#### [TASK PROMPT]
Among the entries below, only the lines from the one with "Popular Design garden" through the one with "Shalev Haziza with Rabbi Eliyahu Meir" are wanted, reproduced exactly. Pictures are not wanted.

========

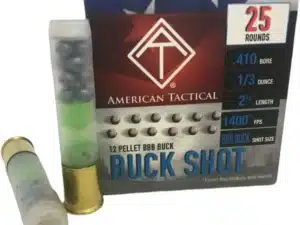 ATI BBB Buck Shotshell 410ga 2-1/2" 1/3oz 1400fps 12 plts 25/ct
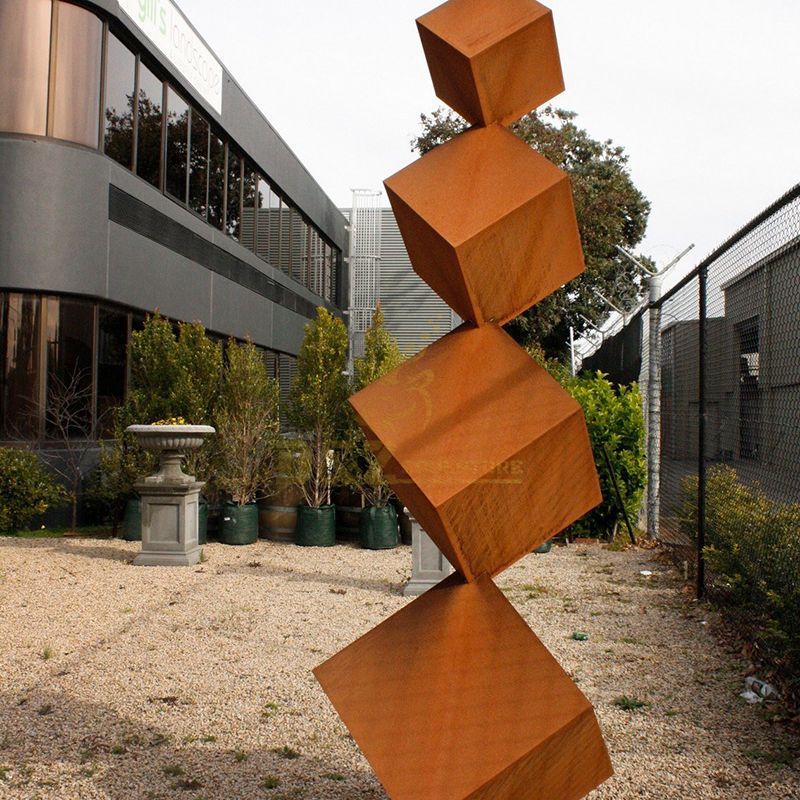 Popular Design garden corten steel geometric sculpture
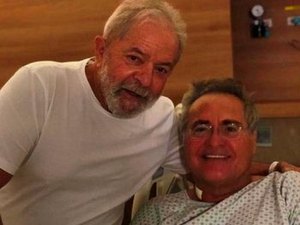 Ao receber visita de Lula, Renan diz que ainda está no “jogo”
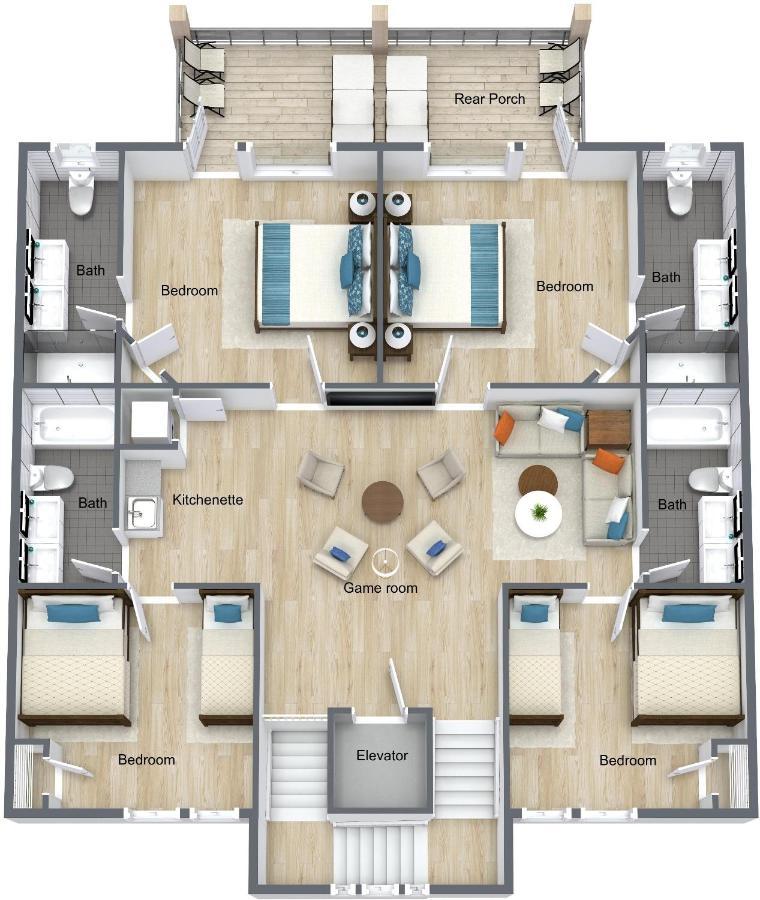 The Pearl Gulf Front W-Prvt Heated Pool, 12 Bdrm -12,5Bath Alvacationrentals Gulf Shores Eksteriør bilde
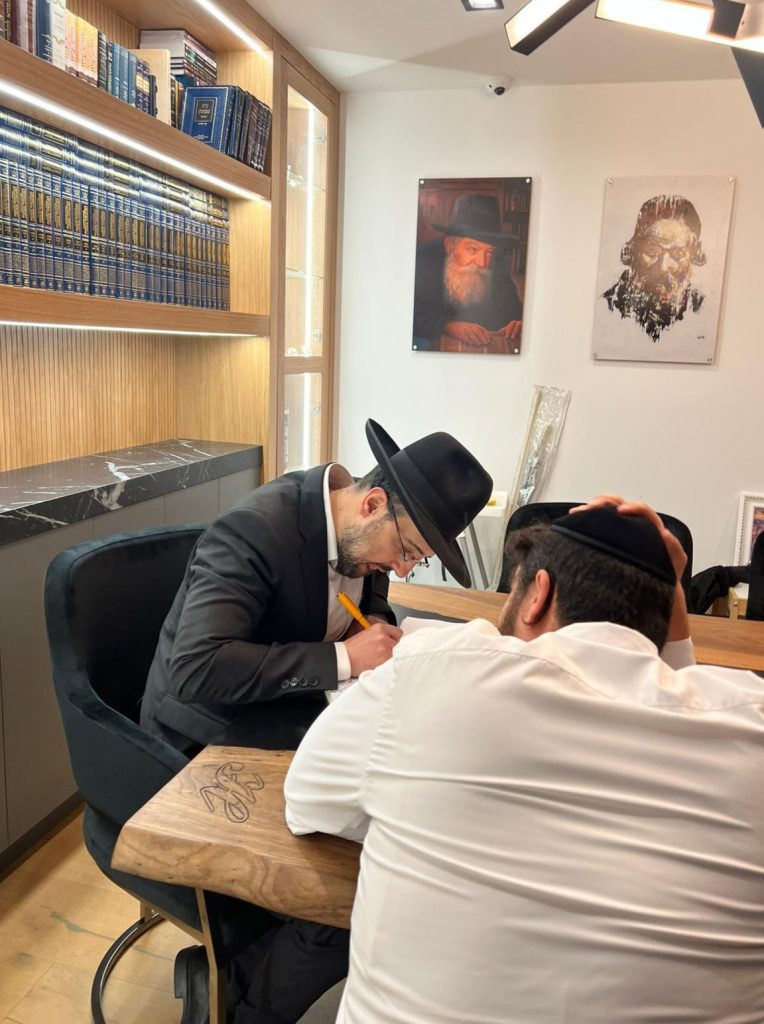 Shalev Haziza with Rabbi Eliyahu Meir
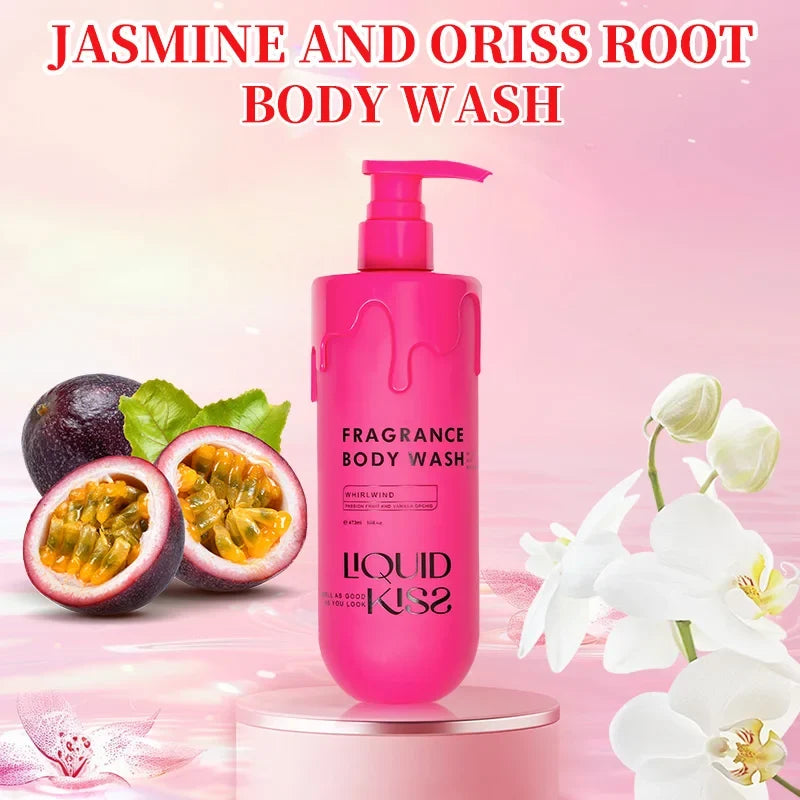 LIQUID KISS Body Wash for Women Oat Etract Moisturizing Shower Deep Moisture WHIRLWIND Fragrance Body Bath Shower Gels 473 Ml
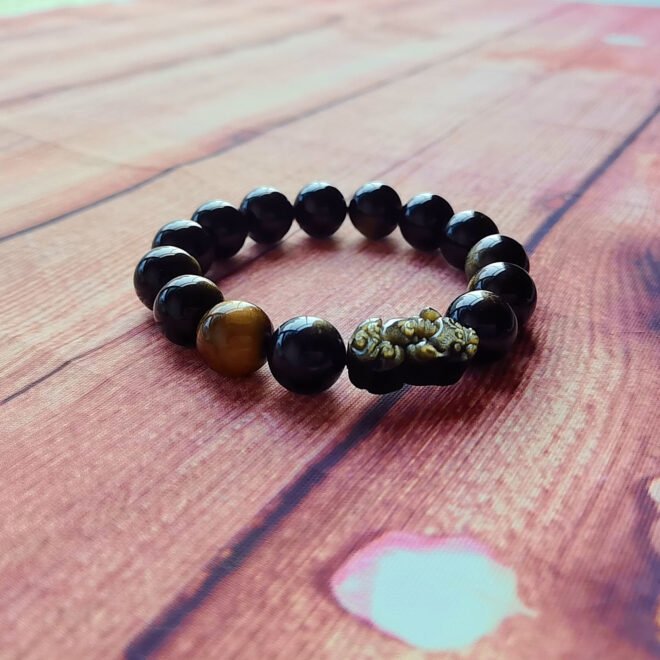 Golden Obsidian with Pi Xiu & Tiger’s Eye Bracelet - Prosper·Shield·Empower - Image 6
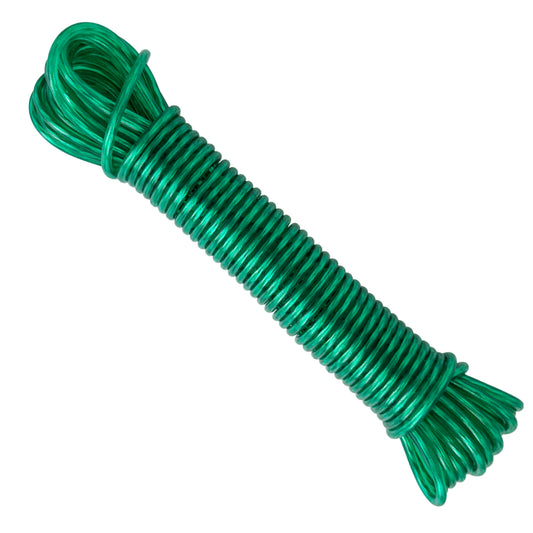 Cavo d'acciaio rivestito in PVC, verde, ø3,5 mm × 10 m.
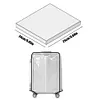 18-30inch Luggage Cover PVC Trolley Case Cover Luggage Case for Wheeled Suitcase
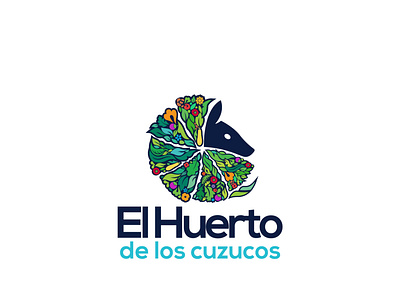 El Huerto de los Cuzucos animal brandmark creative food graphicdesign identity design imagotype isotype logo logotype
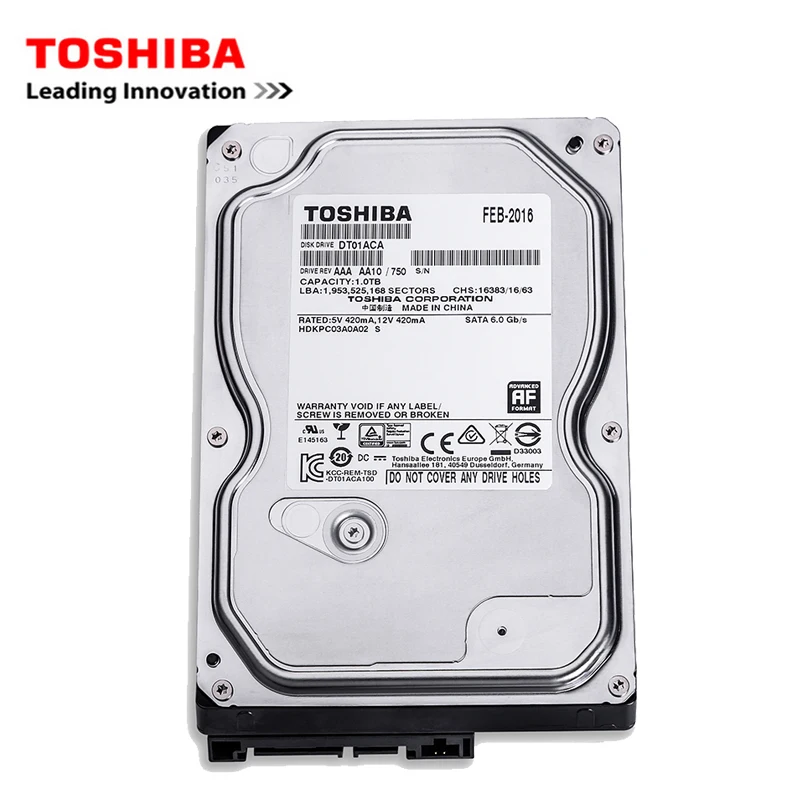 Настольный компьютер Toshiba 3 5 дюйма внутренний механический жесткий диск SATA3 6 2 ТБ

========

#### [WORKED SOLUTION]
 Popular Design garden corten steel geometric sculpture
 Ao receber visita de Lula, Renan diz que ainda está no “jogo”
 The Pearl Gulf Front W-Prvt Heated Pool, 12 Bdrm -12,5Bath Alvacationrentals Gulf Shores Eksteriør bilde
 Shalev Haziza with Rabbi Eliyahu Meir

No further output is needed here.